**Your task:**
Find the line that contains "426 - 285 Dufferin", then repeat it and each line after it to the end of the records, exactly.

**Dataset excerpts:**
________

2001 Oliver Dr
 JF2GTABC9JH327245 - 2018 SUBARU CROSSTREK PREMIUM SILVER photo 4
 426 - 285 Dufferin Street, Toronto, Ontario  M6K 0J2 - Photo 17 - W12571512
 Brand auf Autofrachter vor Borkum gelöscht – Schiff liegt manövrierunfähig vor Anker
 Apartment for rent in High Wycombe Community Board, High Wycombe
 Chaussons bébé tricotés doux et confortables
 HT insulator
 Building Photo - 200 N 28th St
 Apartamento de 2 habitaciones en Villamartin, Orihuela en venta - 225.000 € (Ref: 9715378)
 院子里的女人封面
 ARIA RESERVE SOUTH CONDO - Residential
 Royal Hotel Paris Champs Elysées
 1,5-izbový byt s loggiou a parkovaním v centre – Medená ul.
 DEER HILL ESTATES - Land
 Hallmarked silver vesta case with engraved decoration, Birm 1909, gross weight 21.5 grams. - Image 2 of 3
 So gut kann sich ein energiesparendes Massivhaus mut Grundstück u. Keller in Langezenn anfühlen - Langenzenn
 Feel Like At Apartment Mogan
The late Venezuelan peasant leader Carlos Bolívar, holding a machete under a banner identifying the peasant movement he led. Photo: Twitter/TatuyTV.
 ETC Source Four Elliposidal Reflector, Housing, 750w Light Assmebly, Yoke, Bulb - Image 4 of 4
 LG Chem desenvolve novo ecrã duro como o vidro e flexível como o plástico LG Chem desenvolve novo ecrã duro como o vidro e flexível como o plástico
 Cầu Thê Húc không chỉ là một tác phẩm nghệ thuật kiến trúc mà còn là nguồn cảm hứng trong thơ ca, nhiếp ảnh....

________

**Answer box:**
 426 - 285 Dufferin Street, Toronto, Ontario  M6K 0J2 - Photo 17 - W12571512
 Brand auf Autofrachter vor Borkum gelöscht – Schiff liegt manövrierunfähig vor Anker
 Apartment for rent in High Wycombe Community Board, High Wycombe
 Chaussons bébé tricotés doux et confortables
 HT insulator
 Building Photo - 200 N 28th St
 Apartamento de 2 habitaciones en Villamartin, Orihuela en venta - 225.000 € (Ref: 9715378)
 院子里的女人封面
 ARIA RESERVE SOUTH CONDO - Residential
 Royal Hotel Paris Champs Elysées
 1,5-izbový byt s loggiou a parkovaním v centre – Medená ul.
 DEER HILL ESTATES - Land
 Hallmarked silver vesta case with engraved decoration, Birm 1909, gross weight 21.5 grams. - Image 2 of 3
 So gut kann sich ein energiesparendes Massivhaus mut Grundstück u. Keller in Langezenn anfühlen - Langenzenn
 Feel Like At Apartment Mogan
The late Venezuelan peasant leader Carlos Bolívar, holding a machete under a banner identifying the peasant movement he led. Photo: Twitter/TatuyTV.
 ETC Source Four Elliposidal Reflector, Housing, 750w Light Assmebly, Yoke, Bulb - Image 4 of 4
 LG Chem desenvolve novo ecrã duro como o vidro e flexível como o plástico LG Chem desenvolve novo ecrã duro como o vidro e flexível como o plástico
 Cầu Thê Húc không chỉ là một tác phẩm nghệ thuật kiến trúc mà còn là nguồn cảm hứng trong thơ ca, nhiếp ảnh....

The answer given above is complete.